A consortium formed by Smarttrack RFID, RAMP RFID, MOB and the Powerhouse Museum is delighted to be selected as one of the first recipients of funding from the NSW Government under the Collaborative Solutions program. Announced on Tuesday 31 May, the NSW Government’s Collaborative Solutions programme aims to help build the digital economy in NSW.

And although there’s two companies involved with RFID in their names, this project is not about RFID at all – but instead is developing and trialling a mobile platform which, combined with indoor location awareness, is able to deliver customised content to visitors and also deliver valuable spatial analytics data back to the museum to assist with future exhibition design and spatial configuration.

Julian Bickersteth and Christopher Ainsley delivered a paper, Mobile Phones & Visitor Tracking, at Museums and the Web 2011 that outlined the broad premise of the project in April.

Discussing the use of tracking applications in the retail sector they wrote,

The museum sector is small and consequently does not have the resources to make use of this opportunity. However, significant components of museum operations have synergies with the retail sector, a part of the economy with deeper pockets for exploring new technologies. The museum sector has a history of piggy backing on the technological developments of its retail cousins, whether in the overt area of streamlining their own retail operations (both in the museum shop and on-line) or more subtly in using retail counting systems to accurately count museum visitors.

Shopping malls in particular share many physical characteristics with museums. They are both likely to be large masonry structures with a limited number of entrances, to contain a series of retail or exhibition spaces along with catering areas, joined by large open spaces. Both shopping mall and museum operators want to know where the more and less popular areas are located, what the dominant paths followed by visitors are, how long they spend in catering outlets and retail stores, and how long they spend in the mall/museum as a whole.

For the retail mall operators (known in the business as RAMs or Retail Asset Managers), critical to their thinking is adjacencies and synergies of the retail and catering mix so as to maximise rental income through more intelligent leasing. This in turn allows them to charge top dollar for shops in prime positions, and also control who gets a lease in the first place.

I sent Julian a number of questions about the project to expand on.

F&N – How did moveMe come about?

MoveMe started as visitor counting project which then expanded into visitor tracking. Visitor tracking works best if the visitors are using an App (giving them a reason to turn their devices on etc), hence the addition of the App.

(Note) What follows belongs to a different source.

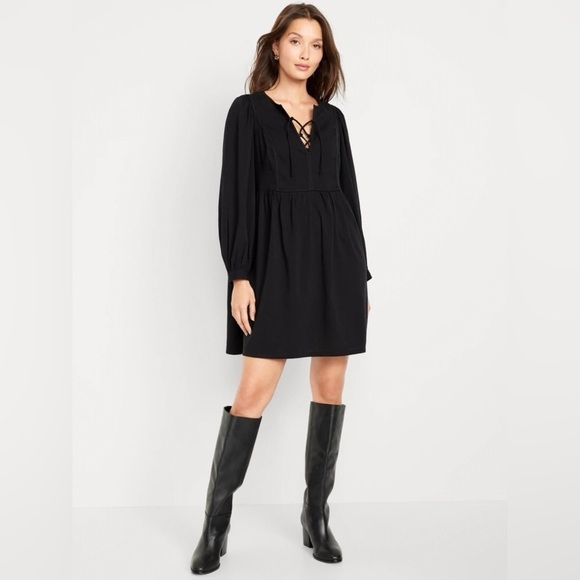 NWT! Black Long-Sleeve Mini Swing Dress - Multiple Sizes 💜 - Picture 1 of 10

But then the packaging of this offering to include location specific content delivery and way finding clearly became a much more interesting space to be in, hence the evolution into moveMe.

F&N – How effective has this technology been in the shopping mall environment? What sorts of business decision making has this enable or improved?

This is still being trialled, but where it has in US department stores and super-hardware stores, it clearly has the ability to help staffing and also response to promotions. Since both these areas are high cost items, it is data they are very keen to get their hands on. [There’s some expansion on this in the MW paper]

F&N – You’ve seen a lot of mobile projects around the world. How does this differ in potential from what you’ve seen at AMNH and, locally, MONA?

Both AMNH and MONA cost absolutely heaps to design and install. Our solution is going to be much cheaper to deliver because it uses a different technology for tracking. Also it will be designed as a generic rather than a bespoke solution, so can be provided over the Internet for museums to locally self install and use.

F&N – What do you hope will be the key benefits of this system that is being prototyped?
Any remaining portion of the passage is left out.